For the last few seasons, it was usually sometime in July or August that you had to start searching for reasons to watch the Phillies after the team fell deeper in the playoff chase and another losing season rolled on.
Perhaps you hung around in 2015 to watch Aaron Nola, or in 2016 you enjoyed Ryan Howard's farewell, or you stayed hooked last year to see Rhys Hoskins emerge. This year, the Phillies kept your interest with a surprising playoff race all the way until the middle of September.
You didn't have to search for a reason to watch. And now with two weeks left, you do. Here's one: J.P. Crawford.
The Phillies will go heavily this offseason after Manny Machado, who expects to stay at shortstop wherever he plays next season. Crawford, who started the season as the opening-day shortstop before spending most of it on the disabled list, has an uncertain future.
No, a strong two weeks from Crawford will not dissuade the Phillies from signing Machado. But it could be enough to force them to keep Crawford in their plans. He looked good earlier this season at third base, and perhaps he could play there next season if the team elects to move on from Maikel Franco. Or Crawford could find a way as a reserve, a role he assumed for the first time in his career earlier this month when he returned from the minors.
There is so much uncertainty about next season's infield. Scott Kingery and perhaps Carlos Santana are the only players on the infield who can confidently say they will be with the team next season. It will be an interesting offseason, and how the team views Crawford could be altered if he finishes strong.
"The one thing I'll say is the confidence level in J.P.'s talent is through the roof," manager Gabe Kapler said. "We know what sort of pedigree he has. We know what sort of on-base history he has. We know how good of a defender he's been. We're also thinking about this as a 10-year stretch for J.P. Crawford. It's a long-term vision for him."
Crawford was the team's can't-miss prospect until, well, he missed. This season was supposed to be his arrival. Instead, it was the most challenging season of his career. He strained his right forearm in April and broke his left hand in June. He returned to the majors when rosters expanded, but he seemed to be lost in the team's crowded bench. Crawford, for the first time since being drafted in 2013, had to earn his playing time.
He started Wednesday for the first time in three months and finished the night with his first three-hit game. He's just here to help his team win, Crawford said afterward. He's also here to help keep his position. Crawford was batting just .194 with a .312 on-base percentage when he broke his hand. He was never expected to hit for a high average, but he was expected to reach base. He struggled to do either.

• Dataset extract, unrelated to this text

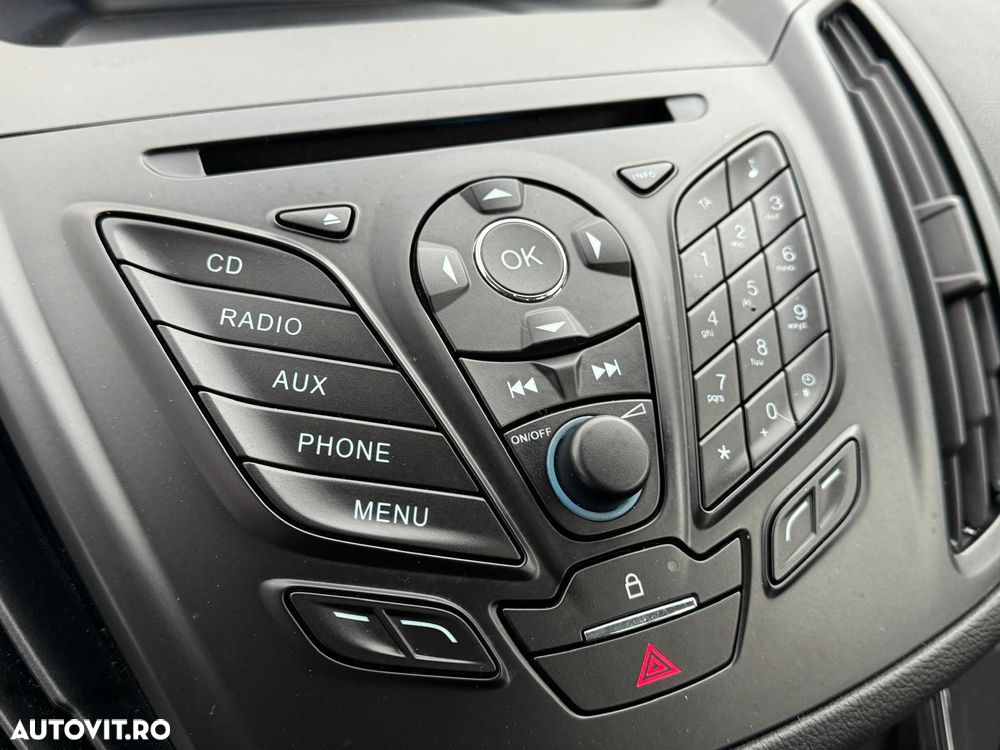 Ford Kuga 1.6 EcoBoost 2x4 Titanium - 18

Crawford made some adjustments last month at triple A. He lowered his hands to shorten his swing, and he thinks that has helped him with his timing. Kapler noticed an improved swing path and said Crawford's at-bats since returning were "really strong." But Crawford still didn't have much of a role. Crawford has always been a solid, athletic defender. If he can prove he can hit and reach base, a role will be guaranteed.
"I think it's really important to finish the season strong," Crawford said. "I'm just trying to give my team a spark and try to help our team win some games this last stretch and finish strong. It'd be great."
The first five months were a challenge, and a strong final month will not erase those struggles. But if Crawford finishes well, it will be easy to think of him differently when the team reflects back on the season.
The playoff race might have fizzled out, but there still are a few reasons to watch.